Release Date: January 17th, 2000; October 11th, 2005.
Genre: Instrumental Post-Rock.
Label: Sad Loud America (SLA001), Temporary Residence Limited (TRR85)
Track listing:
"A Song for Our Fathers" – 5:42
"Snow and Lights" – 8:17
"Magic Hours" – 8:29
"Look into the Air" – 5:30
"Glittering Blackness" – 5:30
"Time Stops" – 9:55
"Remember Me as a Time of Day" – 5:27
I purchased the debut release of Explosions in the Sky in the spring of 2003 as a six or seventh grader with an aurally unhealthy diet of Napalm Death. Needless to say, I was not well versed in the language of instrumental music. How Strange, Innocence was a find introduction. Soon after listening, I purchased F#A#(Infinity) by Godspeed You! Black Emperor. Those two cds combined were the bait and hook that dragged me into the world of post-rock.
The cd starts off with the emotionally hard hitting "A Song For Our Fathers". The bassline slowly weaves in and out of the song, between hills of feedback, compressed drums, and a crescendo that unexpectedly breaks, only to go into the cds perhaps heaviest moment.
The next track, "Snow And Lights", lays out just like the title suggests. The cold guitars overlapping the over-the-top compressed drums, slowly building and coming to noisy climax that embodies the emotions of a winter storm.

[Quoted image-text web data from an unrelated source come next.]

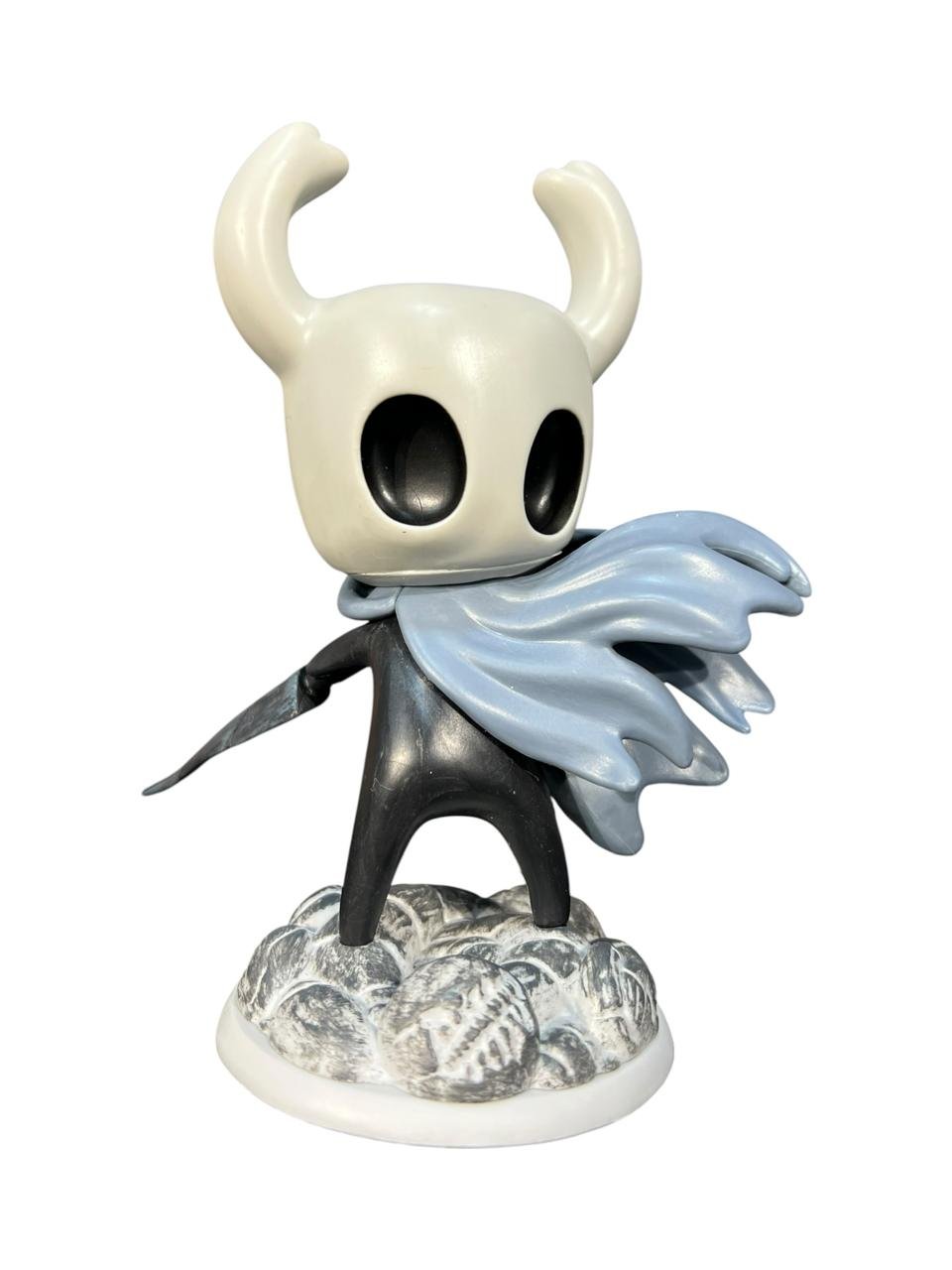 Figura Caballerito 15cm Base Piedra Hollow Knigth - Imagen 2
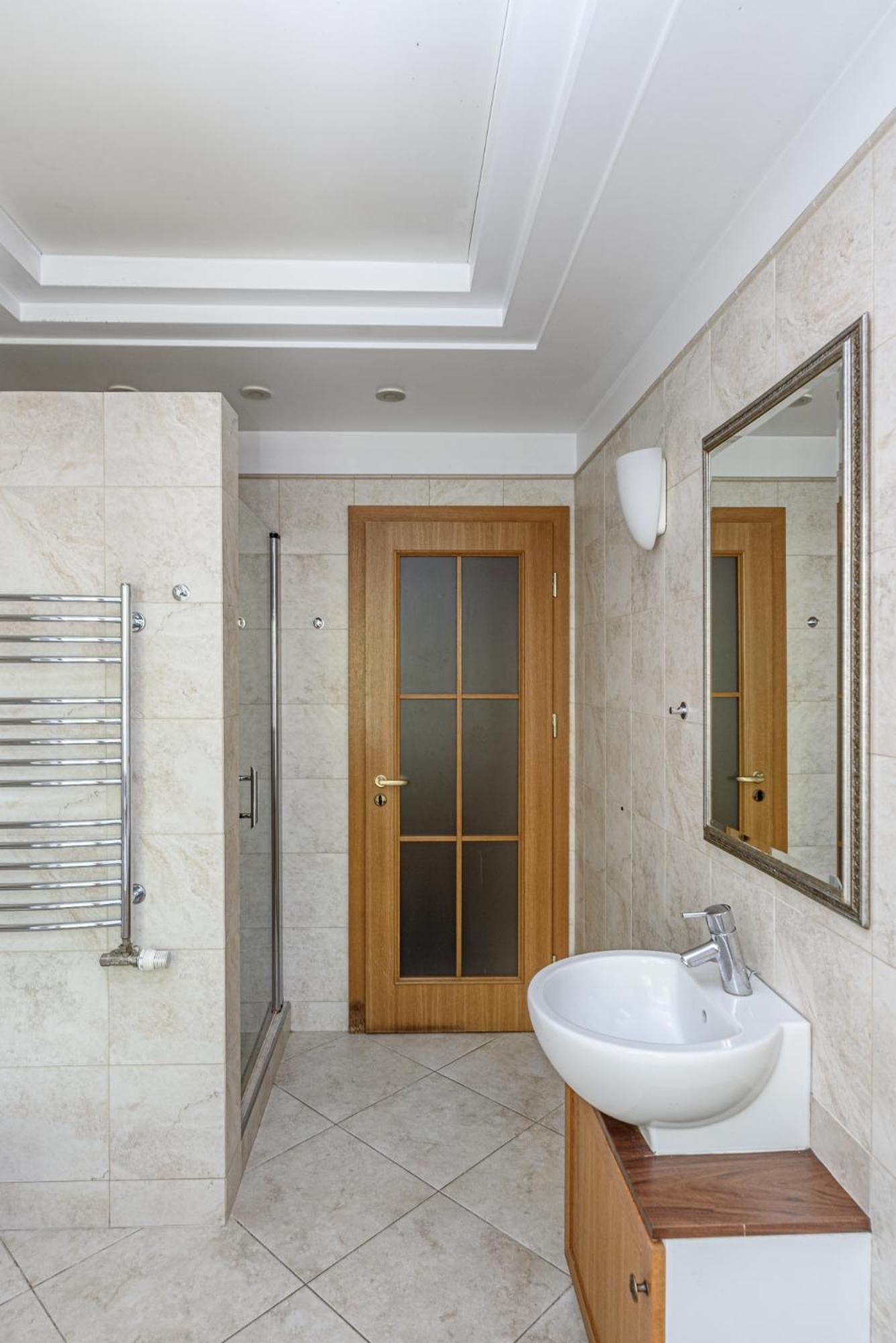 Jacuzzi Apartments X Free Parking X Self Check-In 24X7 By H&H Vilnius Luaran gambar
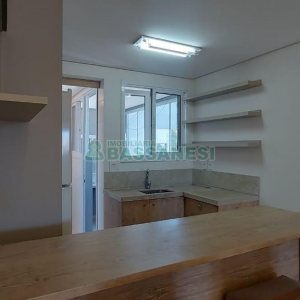 Apartamento com 90m², 2 dormitórios, 2 vagas, no bairro Madureira em Caxias do Sul para Alugar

The cd's final track "Remember Me As A Time Of Day" showcases the band's strength without any real words (Pardon the pun) at all. Between the layers of clean guitars, the drums that somehow manage to overpower the whole song into a rythmic masterpiece, the atmospheric pick slides, the song is perhaps one of Explosions in the Sky's most memorable songs.